Contracted footBy the term contracted foot, otherwise known as hoof-bound, is indicated a condition in which the foot, more especially the posterior half of it, is, or becomes, narrower from side to side than is normal.
It must be borne in mind, however, that certain breeds of horses have normally a foot which nearer approaches the oval than the circular in form, and that a narrow foot is not necessarily a contracted foot.
The contraction may be bilateral when affecting both heels of the same foot and extending to the quarters, or unilateral when the inside or outside heel only is affected.
In some cases contraction is confined to one foot, while in others it may be noticed equally bad in both. It is a matter of common knowledge that contraction is usually seen in the fore-feet, while the hind seldom or never suffer from it, a fact which, to our minds, seems difficult of adequate explanation.
Zundel explains this by stating that contraction is principally observed in the fore-feet, by reason of the fact that when lameness arises from it alteration in action will more readily be detected in front than behind.
Percival, on the other hand, suggests that the greater expansive powers of the hind-foot, by reason of the impetus of its action, is able to overcome any influence operating towards contraction. It may be, however, that given a cause for contraction, such as the removal of the frog's counter-pressure with the ground by faulty shoeing or excessive paring, the fore-feet, by reason of their being called upon to bear the greater part of the body-weight, are the first to suffer.

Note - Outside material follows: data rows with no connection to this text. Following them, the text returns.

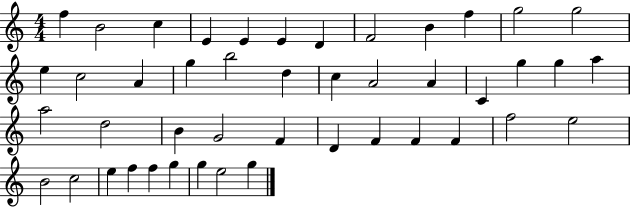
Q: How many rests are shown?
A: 0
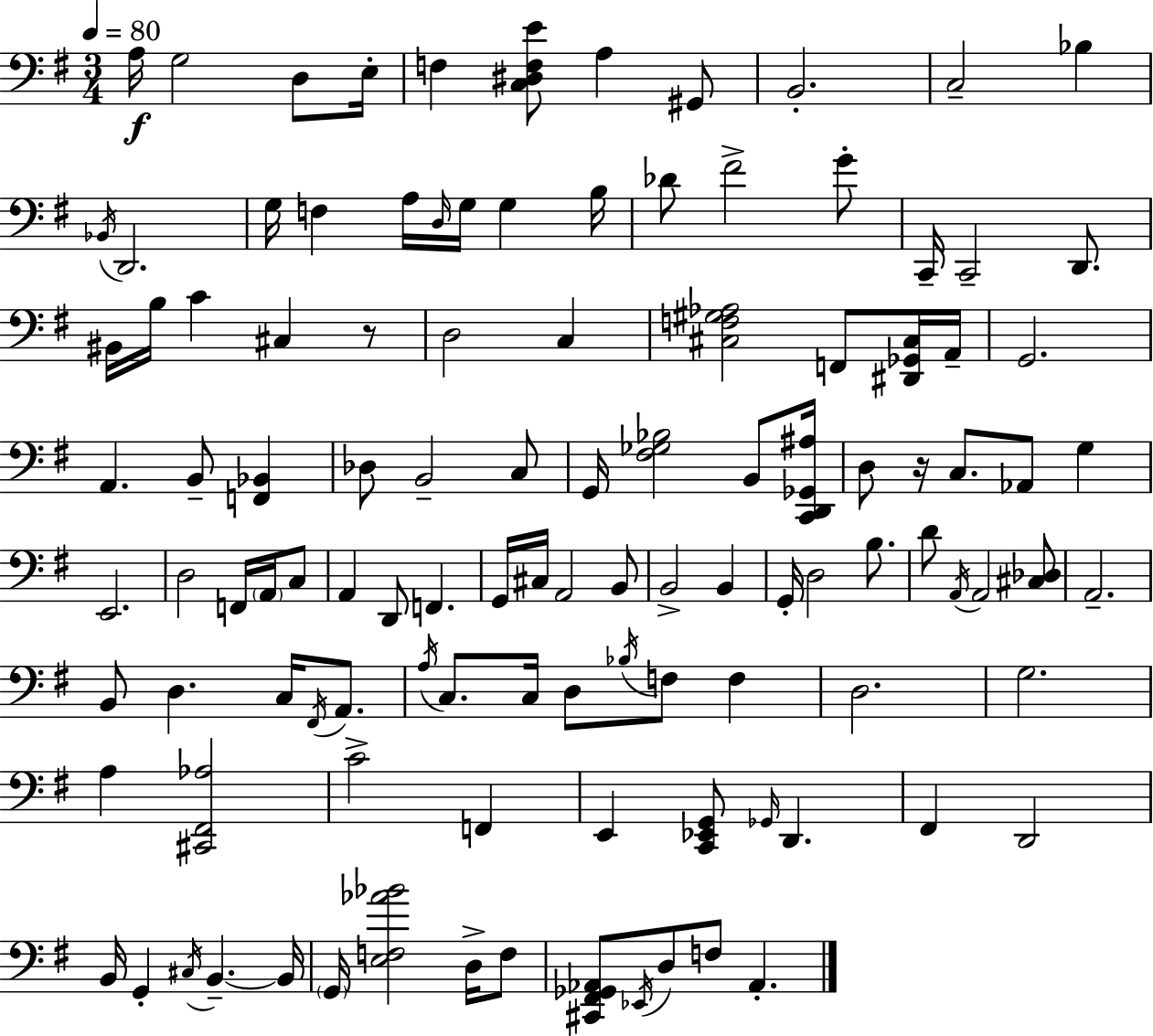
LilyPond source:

{
  \clef bass
  \numericTimeSignature
  \time 3/4
  \key g \major
  \tempo 4 = 80
  a16\f g2 d8 e16-. | f4 <c dis f e'>8 a4 gis,8 | b,2.-. | c2-- bes4 | \break \acciaccatura { bes,16 } d,2. | g16 f4 a16 \grace { d16 } g16 g4 | b16 des'8 fis'2-> | g'8-. c,16-- c,2-- d,8. | \break bis,16 b16 c'4 cis4 | r8 d2 c4 | <cis f gis aes>2 f,8 | <dis, ges, cis>16 a,16-- g,2. | \break a,4. b,8-- <f, bes,>4 | des8 b,2-- | c8 g,16 <fis ges bes>2 b,8 | <c, d, ges, ais>16 d8 r16 c8. aes,8 g4 | \break e,2. | d2 f,16 \parenthesize a,16 | c8 a,4 d,8 f,4. | g,16 cis16 a,2 | \break b,8 b,2-> b,4 | g,16-. d2 b8. | d'8 \acciaccatura { a,16 } a,2 | <cis des>8 a,2.-- | \break b,8 d4. c16 | \acciaccatura { fis,16 } a,8. \acciaccatura { a16 } c8. c16 d8 \acciaccatura { bes16 } | f8 f4 d2. | g2. | \break a4 <cis, fis, aes>2 | c'2-> | f,4 e,4 <c, ees, g,>8 | \grace { ges,16 } d,4. fis,4 d,2 | \break b,16 g,4-. | \acciaccatura { cis16 } b,4.--~~ b,16 \parenthesize g,16 <e f aes' bes'>2 | d16-> f8 <cis, fis, ges, aes,>8 \acciaccatura { ees,16 } d8 | f8 aes,4.-. \bar "|."
}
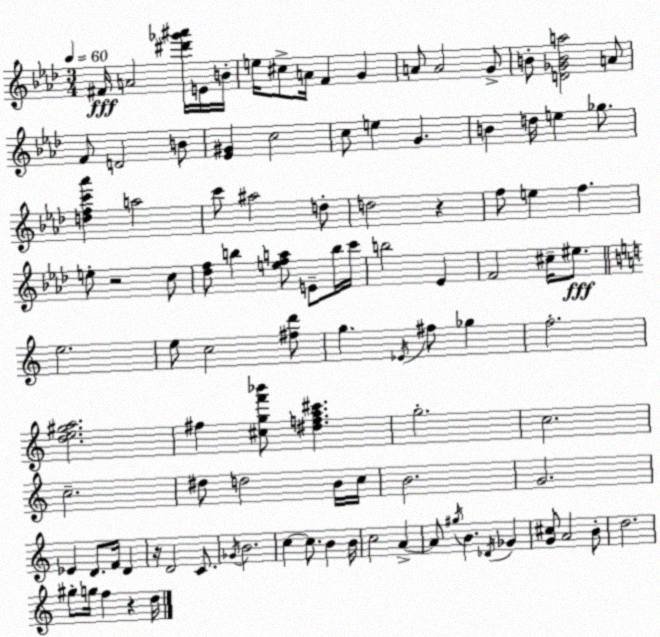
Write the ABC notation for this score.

X:1
T:Untitled
M:3/4
L:1/4
K:Fm
^F/4 A2 [^d'_g'^a']/4 E/4 B/4 e/4 ^c/2 A/4 F G A/2 A2 G/2 B/2 [D_GBa]2 A/2 F/2 D2 B/2 [_E^G] c2 c/2 e G B d/4 e _g/2 [dfc'_a'] a2 c'/2 ^a2 d/2 d2 z f/2 e f e/2 z2 c/2 [_df]/2 b [efa]/2 E/2 b/4 c'/4 b2 _E F2 ^c/4 ^e/2 e2 e/2 c2 [^fd']/2 g _E/4 ^f/2 _g f2 [de^ga]2 ^f [^cgf'_b']/2 [^dfa^c'] g2 c2 c2 ^d/2 d2 B/4 c/4 B2 G2 _E D/2 F/4 D z/4 D2 C/2 _G/4 B2 c c/2 B B/4 c2 A A/2 ^g/4 B _D/4 _G [G^c]/2 A2 B/2 d2 ^g/2 g/4 f z d/4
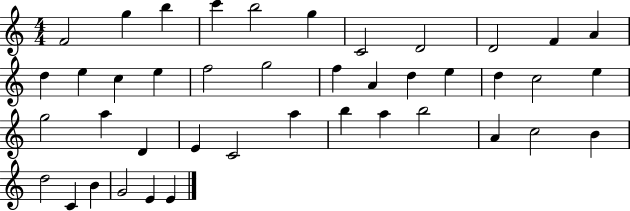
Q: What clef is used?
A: treble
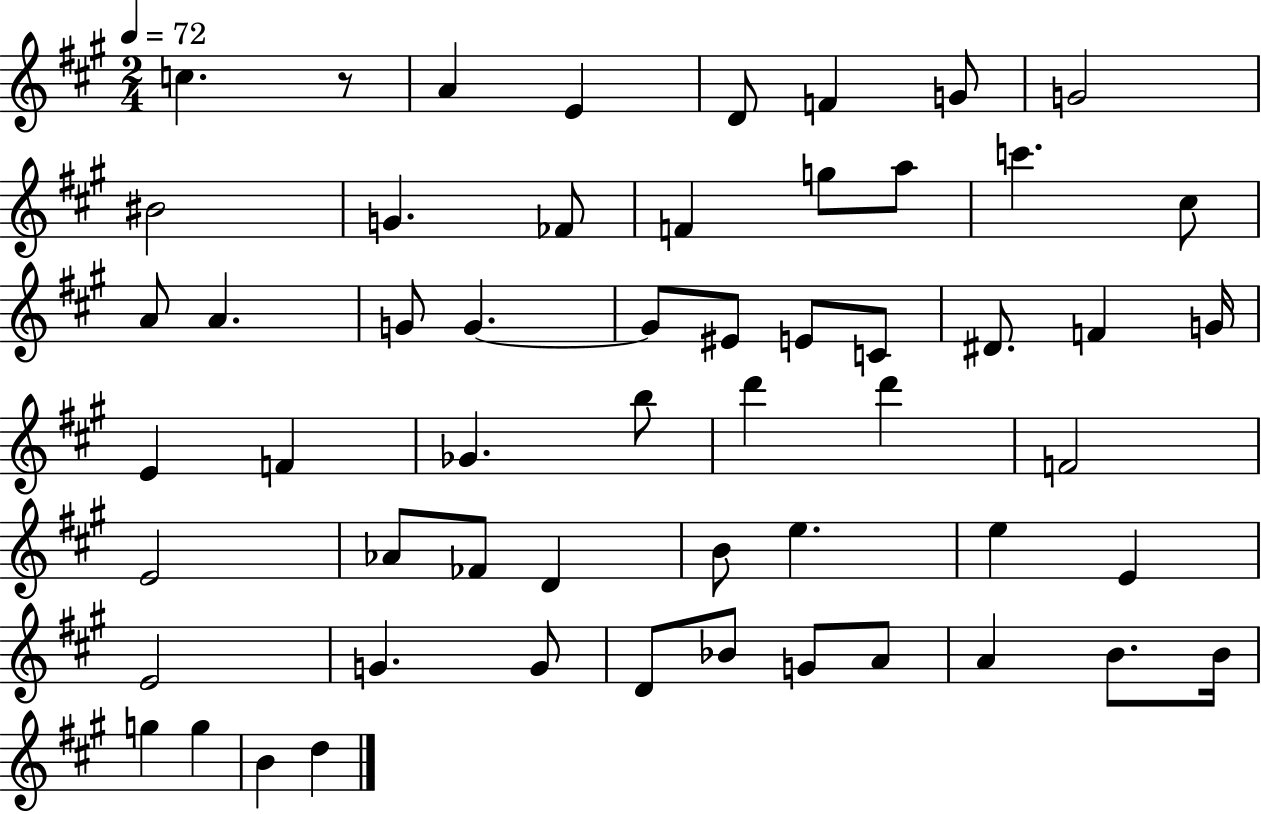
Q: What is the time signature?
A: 2/4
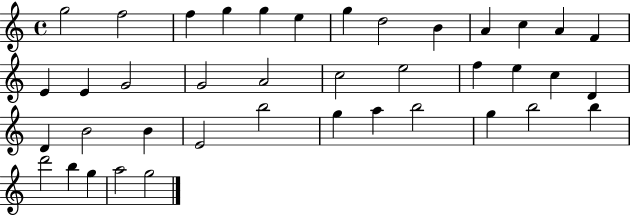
G5/h F5/h F5/q G5/q G5/q E5/q G5/q D5/h B4/q A4/q C5/q A4/q F4/q E4/q E4/q G4/h G4/h A4/h C5/h E5/h F5/q E5/q C5/q D4/q D4/q B4/h B4/q E4/h B5/h G5/q A5/q B5/h G5/q B5/h B5/q D6/h B5/q G5/q A5/h G5/h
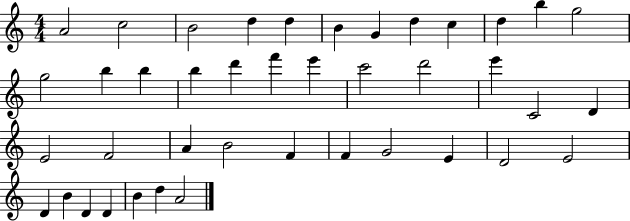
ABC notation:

X:1
T:Untitled
M:4/4
L:1/4
K:C
A2 c2 B2 d d B G d c d b g2 g2 b b b d' f' e' c'2 d'2 e' C2 D E2 F2 A B2 F F G2 E D2 E2 D B D D B d A2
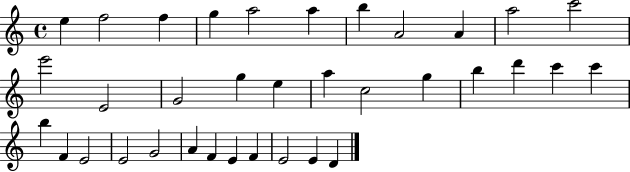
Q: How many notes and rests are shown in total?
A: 35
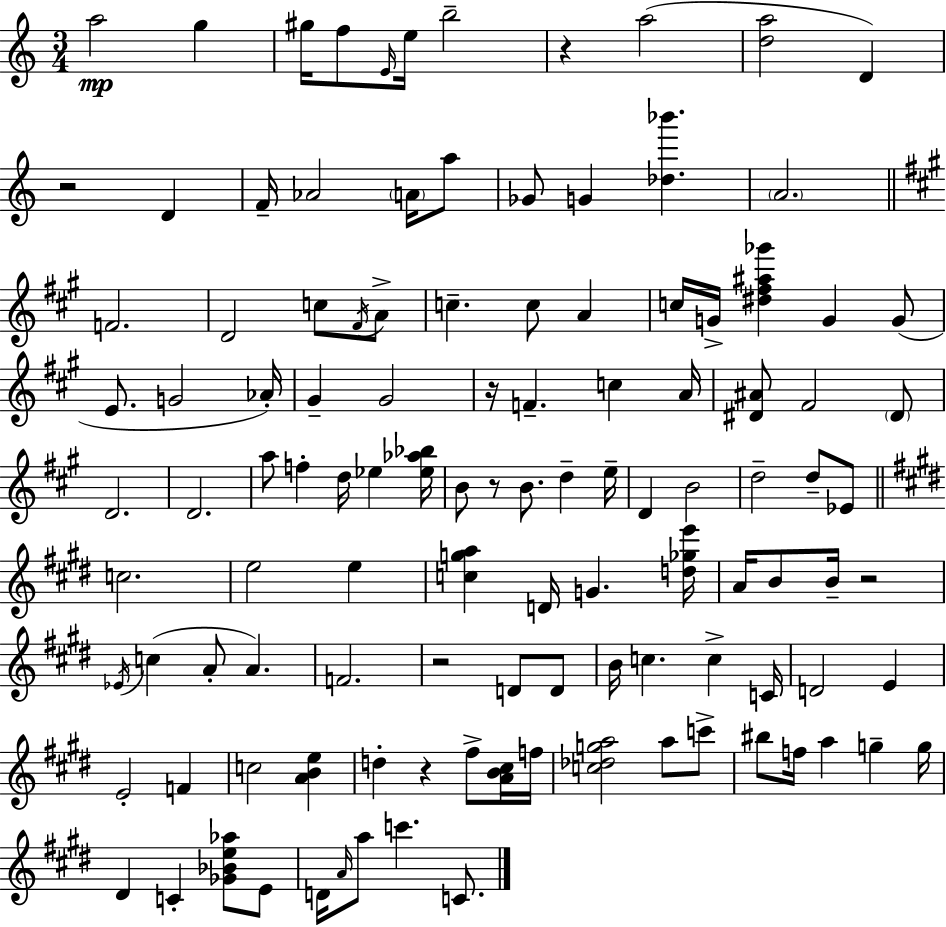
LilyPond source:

{
  \clef treble
  \numericTimeSignature
  \time 3/4
  \key c \major
  \repeat volta 2 { a''2\mp g''4 | gis''16 f''8 \grace { e'16 } e''16 b''2-- | r4 a''2( | <d'' a''>2 d'4) | \break r2 d'4 | f'16-- aes'2 \parenthesize a'16 a''8 | ges'8 g'4 <des'' bes'''>4. | \parenthesize a'2. | \break \bar "||" \break \key a \major f'2. | d'2 c''8 \acciaccatura { fis'16 } a'8-> | c''4.-- c''8 a'4 | c''16 g'16-> <dis'' fis'' ais'' ges'''>4 g'4 g'8( | \break e'8. g'2 | aes'16-.) gis'4-- gis'2 | r16 f'4.-- c''4 | a'16 <dis' ais'>8 fis'2 \parenthesize dis'8 | \break d'2. | d'2. | a''8 f''4-. d''16 ees''4 | <ees'' aes'' bes''>16 b'8 r8 b'8. d''4-- | \break e''16-- d'4 b'2 | d''2-- d''8-- ees'8 | \bar "||" \break \key e \major c''2. | e''2 e''4 | <c'' g'' a''>4 d'16 g'4. <d'' ges'' e'''>16 | a'16 b'8 b'16-- r2 | \break \acciaccatura { ees'16 }( c''4 a'8-. a'4.) | f'2. | r2 d'8 d'8 | b'16 c''4. c''4-> | \break c'16 d'2 e'4 | e'2-. f'4 | c''2 <a' b' e''>4 | d''4-. r4 fis''8-> <a' b' cis''>16 | \break f''16 <c'' des'' g'' a''>2 a''8 c'''8-> | bis''8 f''16 a''4 g''4-- | g''16 dis'4 c'4-. <ges' bes' e'' aes''>8 e'8 | d'16 \grace { a'16 } a''8 c'''4. c'8. | \break } \bar "|."
}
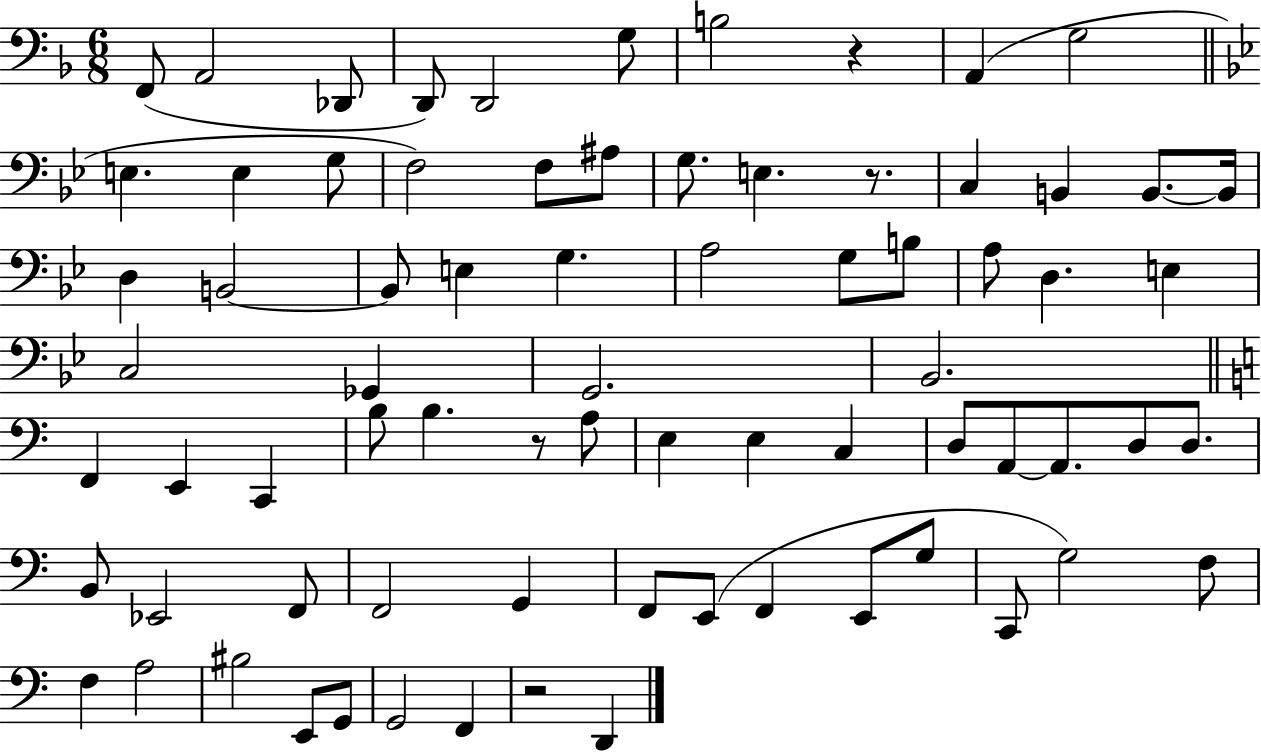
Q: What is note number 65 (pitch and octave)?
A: A3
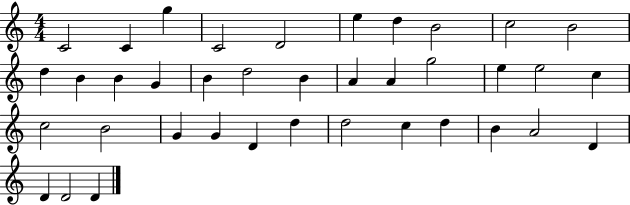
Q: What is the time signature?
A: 4/4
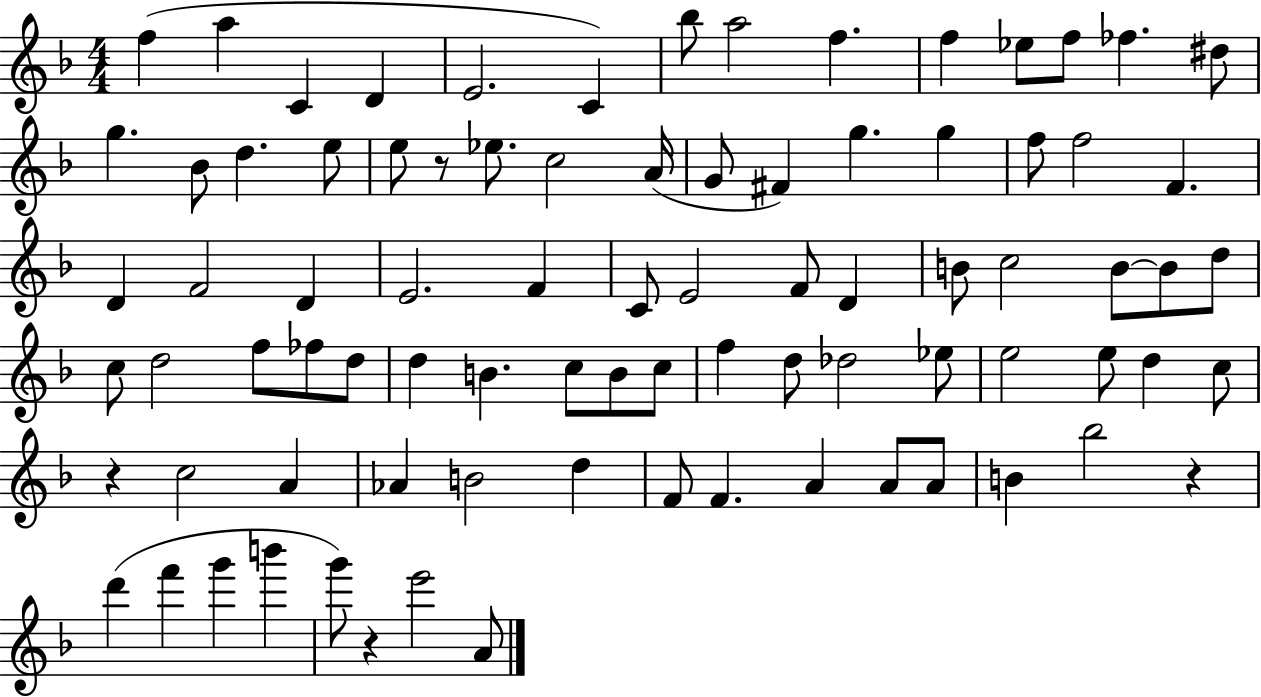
{
  \clef treble
  \numericTimeSignature
  \time 4/4
  \key f \major
  \repeat volta 2 { f''4( a''4 c'4 d'4 | e'2. c'4) | bes''8 a''2 f''4. | f''4 ees''8 f''8 fes''4. dis''8 | \break g''4. bes'8 d''4. e''8 | e''8 r8 ees''8. c''2 a'16( | g'8 fis'4) g''4. g''4 | f''8 f''2 f'4. | \break d'4 f'2 d'4 | e'2. f'4 | c'8 e'2 f'8 d'4 | b'8 c''2 b'8~~ b'8 d''8 | \break c''8 d''2 f''8 fes''8 d''8 | d''4 b'4. c''8 b'8 c''8 | f''4 d''8 des''2 ees''8 | e''2 e''8 d''4 c''8 | \break r4 c''2 a'4 | aes'4 b'2 d''4 | f'8 f'4. a'4 a'8 a'8 | b'4 bes''2 r4 | \break d'''4( f'''4 g'''4 b'''4 | g'''8) r4 e'''2 a'8 | } \bar "|."
}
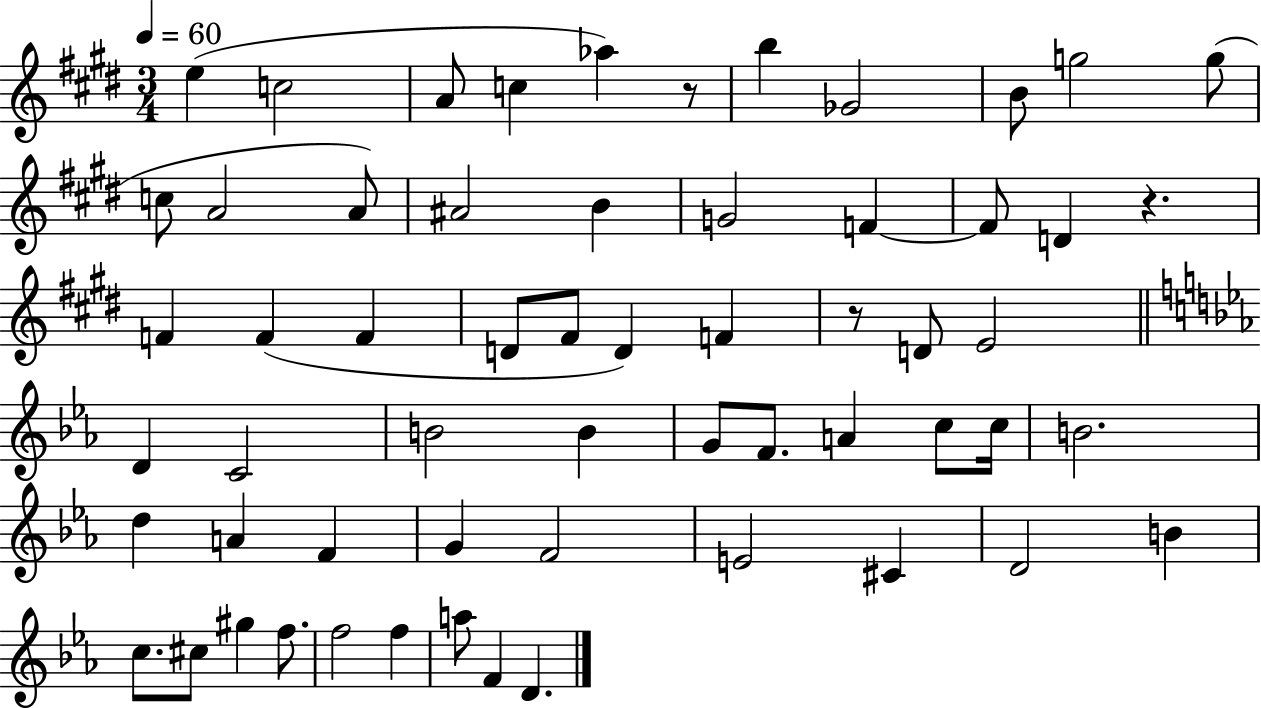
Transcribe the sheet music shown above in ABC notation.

X:1
T:Untitled
M:3/4
L:1/4
K:E
e c2 A/2 c _a z/2 b _G2 B/2 g2 g/2 c/2 A2 A/2 ^A2 B G2 F F/2 D z F F F D/2 ^F/2 D F z/2 D/2 E2 D C2 B2 B G/2 F/2 A c/2 c/4 B2 d A F G F2 E2 ^C D2 B c/2 ^c/2 ^g f/2 f2 f a/2 F D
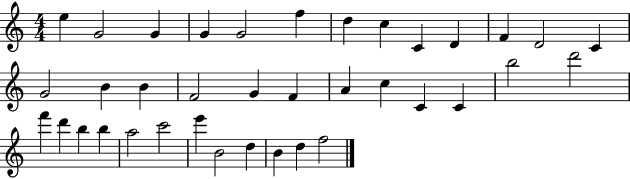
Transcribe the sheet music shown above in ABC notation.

X:1
T:Untitled
M:4/4
L:1/4
K:C
e G2 G G G2 f d c C D F D2 C G2 B B F2 G F A c C C b2 d'2 f' d' b b a2 c'2 e' B2 d B d f2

Flat feet with weak heels are those most frequently affected, and, as we have already intimated, the condition may exist with or without other disease of the foot.
Depending upon its degree, contracted foot may vary from a simple abnormality, non-inflammatory and painless, to a condition in which it becomes a veritable disease, giving rise to a bad form of lameness, and bringing about a withered and sometimes discharging and cankerous affection of the frog.
Contracted foot symptoms
In its early stages contraction is difficult of detection, and where both feet are affected may for some time go unsuspected. With only one foot undergoing change, the early stages may the more readily be marked, for in this case comparison with the other and sound foot will at once reveal the alteration in shape. If lameness in the suspected foot is present, then any lingering doubt will be quickly dispelled.
When far advanced, contraction offers signs that cannot well be missed. The converging of the heels narrows the V-shaped indentation in the sole for the reception of the frog. As a consequence of this, the frog itself becomes atrophied by reason of the continual pressure exerted upon it by the ingrowing horn of the wall and the bars. The median and lateral lacunae of this organ, from being fairly broad and open channels, become pressed into mere crack-like openings (see the commencing of this condition in the picture on the right).
As the case goes on, the lateral branches of the frog entirely disappear, and all that is left of the organ is a remnant of its body or cushion, now wedged in tightly between the bars. Following upon the disappearance of the frog, we find that the bars are in contact, or, in some cases, actually overlapping each other at their posterior extremities.
At this stage, perhaps, the whole condition has become aggravated by a foul discharge from the place originally occupied by the frog, and the foot, especially in the region of the heels, has become hot and tender—really a form of local and subacute laminitis.
The long-continued inflammation, although only of a low type, renders the horn of the hoof hard and dry, and only with difficulty will the ordinary foot instruments cut it. This in its turn leads to cracks and fissures in various places, but more especially in the bars and what is left of the frog. Often, too, cracks will appear in the horn of the quarters, and a troublesome and incurable form of sand-crack results.
An animal with contraction advanced as far as this, especially if confined to one foot, goes unmistakably lame. With both feet affected, he ordinarily starts out from the stable in a manner that is commonly called 'groggy.' In other words, the gait is uncertain, and feeling; and stumbling is frequent.